The literature of dogs is as varied, complicated and (usually) rewarding as dogs themselves, and we’ve been writing about our friends for almost as long as we’ve been living with them. And they’ve been writing about us, often with terrifying insight.
One of the chapters in Dog’s Best Friend is devoted to how we’ve portrayed dogs in books over the centuries. The story begins with Homer and his flea-ridden Argos, but soon moves to John Caius, whose Of English Dogges, the Diversities, the Names, the Natures and the Properties of 1576 was the first book devoted entirely to canines (Caius, the same man whose name adorns a Cambridge college, found three main types of dogges: a currish kind (bad-tempered and angry), a gentle kind (used for hunting), and a homely kind (‘apt for sundry necessary uses’).
Here are four novels and one children’s book that I loved revisiting when I was writing my own book. My selection could have included many others - those wild Jack London adventures; or Paul Auster’s Timbuktu with the wondrous Mr Bones; or The Friend by Sigrid Nunez (in which the narrator loses her lover but inherits Apollo, her lover’s Great Dane).

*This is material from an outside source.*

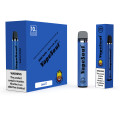 Original Vapesoul Disposable Vape 2000 Puffs In Stock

Dogs have other literary roles beyond inspiration though. In 1936 John Steinbeck wrote to his agent Elizabeth Otis that his Mexican setter puppy (whom he called Toby, like many of his dogs) had been left alone one evening and had ‘made confetti of about half my manuscript book’. The book was Of Mice and Men. ‘It sets me back,’ Steinbeck reported. ‘There was no other draft. I was pretty mad but the poor little fellow may have been acting critically.’
Compiling this list I’ve surprised myself, finding that most of these books end on a lamentable note. But all of them get to the soul of a dog, and to their loyal and vulnerable hearts.
Flush by Virginia Woolf
Woolf’s relationship with dogs was complex, full and earthy. One of her first published works was her obituary of her family dog Shag, whom she considered convivially bound for the finer things in life: ‘I can see him smoking a cigar at the bow window of his club,’ she wrote of Shag in a friend’s journal aged 22, ‘his legs extended comfortably, whilst he discusses the latest news on the Stock Exchange with a companion’.

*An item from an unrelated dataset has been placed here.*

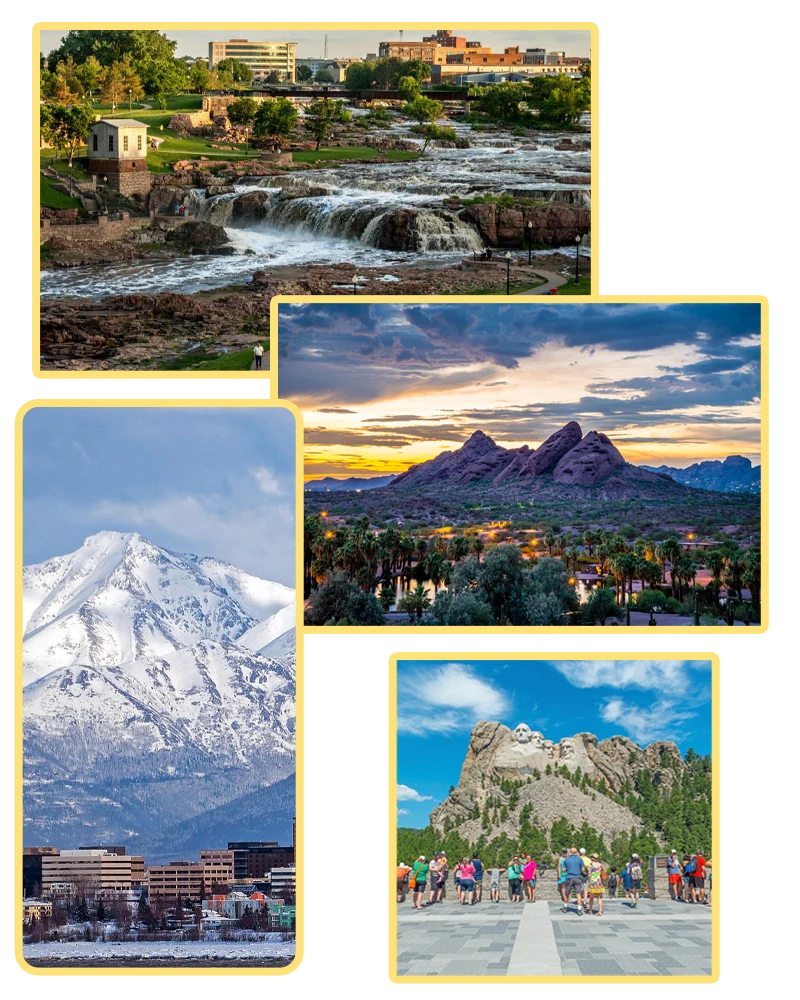 locations 4 &ndash; United Tax Solutions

Woolf used one of her later dogs as a - should we be surprised? - hot literary device. The dog, a mixed-breed called Grizzle, was fond of Vita Sackville-West, as of course was Virginia. ‘These shabby mongrels are always the most loving, warm-hearted creatures,’ Woolf wrote, anticipating a reunion with her lover. ‘Grizzle and Virginia will rush down to meet you – they will lick you all over.’ And Vita replied, ‘This will be my last letter. The next thing you know of me will be that I walk in and fondle Grizzle.’ (Leonard, the screens!)
Flush was Woolf’s ‘biography’ of Elizabeth Barrett’s cocker spaniel. A jeu d’esprit after writing The Waves, it’s a delightful account of a dog’s ability to transform a single life. Woolf uses Flush to write about the Barrett–Browning courtship, not least the couple’s elopement to Italy. And when Flush gets kidnapped from Wimpole Street to live in a dive in Whitechapel, it’s a smart way for the author to consider class divisions and social inequality (‘a Woolf in dog’s clothing’ as one critic observed.) But Flush has also been read as feminist allegory, a strong, searching figure in a teeming city, particularly happy when uncooped, roaming Oxford Street and elsewhere, alive to the world.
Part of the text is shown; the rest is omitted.